Geography
- Location: Near Judicial Complex Pishukan Ave Road Gwadar, Makran, Balochistan, Pakistan

Organisation
- Type: Public
- Network: Indus Hospital and Health Network

Services
- Beds: 300

History
- Constructed: December 2022
- Opened: November 2020^{[citation needed]}

= Pak–China Friendship Hospital =

Hospital in Gwadar, Pakistan

The GDA Pak-China Friendship Hospital is a hospital in the port city of Gwadar, Pakistan. The hospital was built as a component of the China-Pakistan Economic Corridor (CPEC) initiative, with financial backing provided by the Chinese government.

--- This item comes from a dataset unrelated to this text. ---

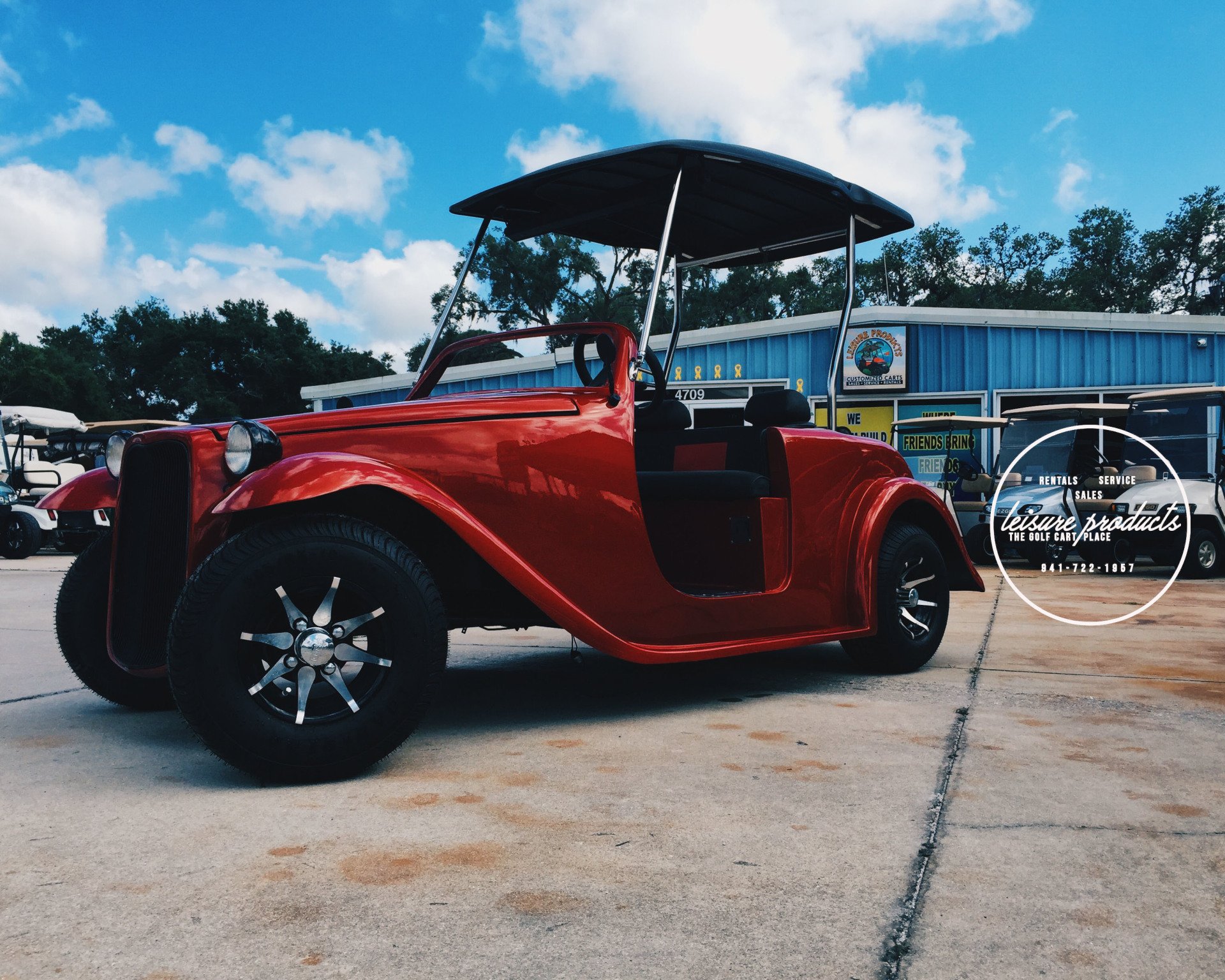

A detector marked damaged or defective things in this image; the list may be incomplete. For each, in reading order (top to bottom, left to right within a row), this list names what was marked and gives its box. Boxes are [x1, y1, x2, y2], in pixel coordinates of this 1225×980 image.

The hospital is run on a Public Private Partnership model at the moment and its administration and operations are managed by the Indus Hospital and Health Network. Head of Campus is Dr. Affan Faiq Zada who is a Senior Healthcare Executive.

==GDA Hospital Gwadar==

The GDA Hospital Gwadar is a hospital in the port city of Gwadar, Pakistan. The hospital was built by Gwadar Port Authority and Government of Balochistan as a component of the Gwadar Port, managed by Indus Hospital and Health Network.

==Infrastructure==
The hospital occupies 68 acres of land. The project is part of the proposed Phase-II development, which includes a 50-bed hospital to be constructed under the Gwadar Development Authority (GDA) Business Plan. As of 2022, one out of the six medical blocks, each designed to accommodate 50 beds, has been completed. Additionally, approximately 20% of the residential blocks are also finalized as part of the ongoing progress.

==Facilities==
As per the project proposal, the upcoming phases will involve the construction of the remaining medical blocks, nursing and paramedical institutes, a medical college, a central laboratory, and various other allied facilities. These phases will also encompass the installation and supply of necessary medical equipment and machinery to enhance the hospital's capabilities and services. Currently there are 9 Clinical Specialties in the hospital which include Family Medicine, Internal and Emergency Medicine, Paediatric Medicine, General Surgery, Dentistry, Orthopaedics, Urology, Obstetrics and Gynaecology and Radiology. More services will be added soon.